**Aim of the task:**
Everything from the line containing "Medical devices company" down to the last line below should be set down exactly, and only that, without the pictures.

**Excerpted records:**
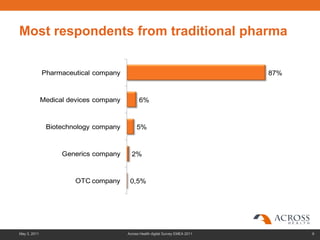 Most respondents from traditional pharma

              Pharmaceutical company                                             87%



              Medical devices company         6%



               Biotechnology company         5%



                    Generics company      2%



                        OTC company      0,5%




May 3, 2011                             Across Health digital Survey EMEA 2011         9
 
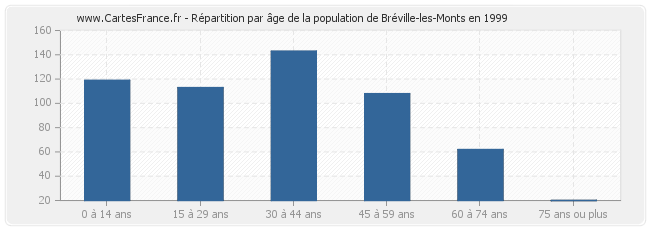 Répartition par âge de la population de Bréville-les-Monts en 1999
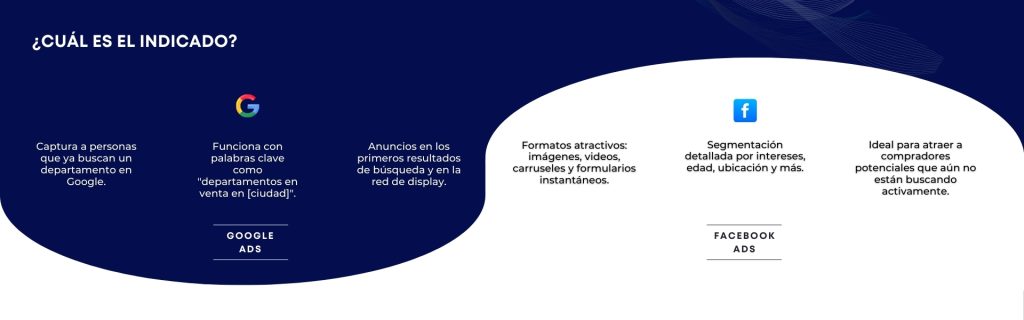 Explicación de las diferencias entre Google Ads y Facebook Ads.
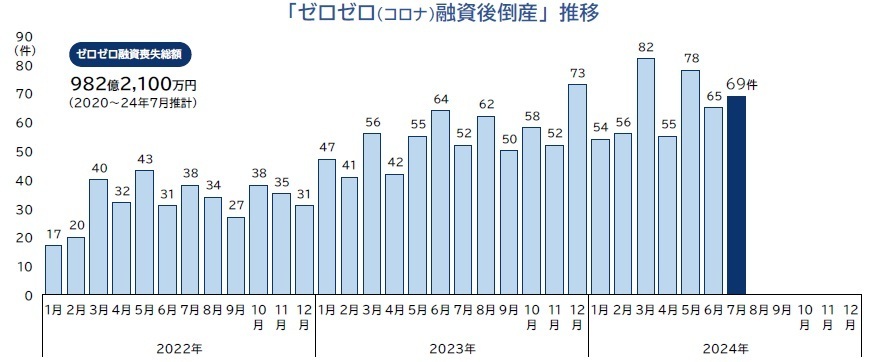 ゼロゼロ融資後倒産　件数推移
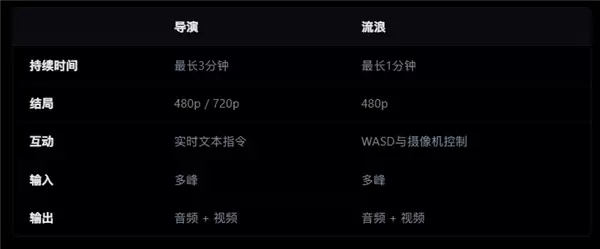 阿里发布世界模型HappyOyster 1.0:一句话创造一个虚拟世界 可实时交互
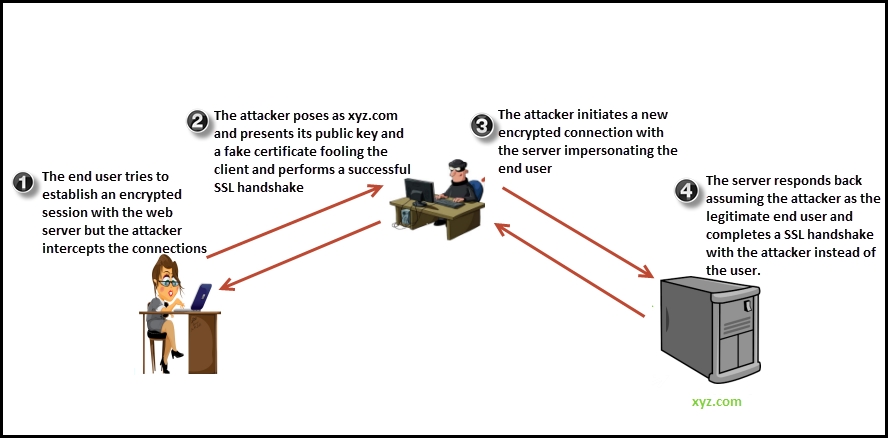 SSL man-in-the-middle attack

**Exercise response:**
              Medical devices company         6%



               Biotechnology company         5%



                    Generics company      2%



                        OTC company      0,5%




May 3, 2011                             Across Health digital Survey EMEA 2011         9
 
 Répartition par âge de la population de Bréville-les-Monts en 1999
 Explicación de las diferencias entre Google Ads y Facebook Ads.
 ゼロゼロ融資後倒産　件数推移
 阿里发布世界模型HappyOyster 1.0:一句话创造一个虚拟世界 可实时交互
 SSL man-in-the-middle attack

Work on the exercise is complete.